Discovering the beauty of western visayas has been nothing short of amazing! Initially the plan was to climb up Mount Talinis in Dumaguete with friends from a local mountaineering group cuernos de negros. Our time there was coincidently interrupted by an insurgency in the low-lying part or the natural park. We were advice not to pursue our plan on trekking up the mountain apparently there were military operations being held around on some parts of the mountain. Time not being on our side the group decided to go for plan b. the next day we threw in our bags in the underbelly of the ceres bus and hopped on towards the city of Bacolod. It took us about 5 hours to get there and by the time we were on the city we had to find another mini bus that will take us to the town of Murcia where will be our jump off point for Mt. Kanlaon.
Kanlaon or also spelled as Kanla-on or Canlaon is an active stratovolcano located in the island of Negros in the western visayas. The prominent mountain can be seen from the neighboring towns of La Carlota, Silay and the capital city of Bacolod. Dividing the negros occidental and negros oriental the mountain has a towering elevation of 2,435 meters above sea level and the natural park has been gifted with wide array of flora and fauna. Topographical feature has also been a major part of its allure, the volcano offers hot springs on the foothills and as you slowly move up it has quite a number of lagoon and moving up further one can experience a mystic scene from an old crater to a wide caldera of margaja valley and the prominent north summit were one can see the active lugud crater. No wonder it has been visited by a number of local and international mountaineers and folks from distinguished universities abroad to study the behavior of an active volcano.

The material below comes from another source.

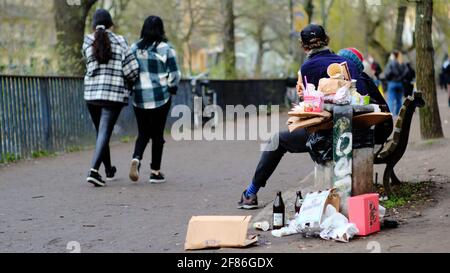 Berlin, Allemagne. 11 avril 2021. Les poubelles se trouvent à côté d'une poubelle débordante sur le Planufer dans le district de Kreuzberg, sur le côté de la route, à côté d'un banc où les gens sont assis. Credit: Stefan Jaitner/dpa/Alay Live News Banque D'Images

The volcano has been putting up a long list of eruption dating back pre-Hispanic era and recently been showing up with phreatic explosions resulting in minor ashfall around the natural park. Amidst the beauty that this place offer we cannot discredit the fact that it has also claimed lives from its sporadic eruptions including the 1996 kanlaon tragedy. For this reason the local government urge mountaineers to collaborate with the phivolcs when attempting to climb up Mt. Kanlaon.
On the early morning the warm sunlit lake of mambukal resort has brought some signs of a promising day. We were all packed and ready and started our journey to a network of trail. Trudging our way through mossy forest and fording lagoons and skirting old craters. It was a full day of heavy load and cutting through the thick forest of wasay trail and finally after 6 hours of trekking we took a respite in a place called “hardin sang balo” apparently meant “garden of a widow”. It was an old crater and now filled with bonsai trees and it was lying on a damp and soft mossy ground. It looked like you were transported in a mysterious place where branches of trees are covered with thick moss and green foliage complements the blue sky it was like a place where a pre-historic creature can come up from somewhere. After finishing our packed lunch we resumed trekking passing through lagoons and ridges. As the light slowly fades into the horizon and darkness creeps in, we took out our headlamps and slowly paced ourselves to the campsite. we fell quite short from our itinerary by getting to the saddle camp by 7pm , instead we got there almost on midnight. The wind kept blowing like sheets of ice while we struggle to pitch our tent. Finally after settling in we had a sumptuous dinner to replenish our energy for the morning’s summit bid.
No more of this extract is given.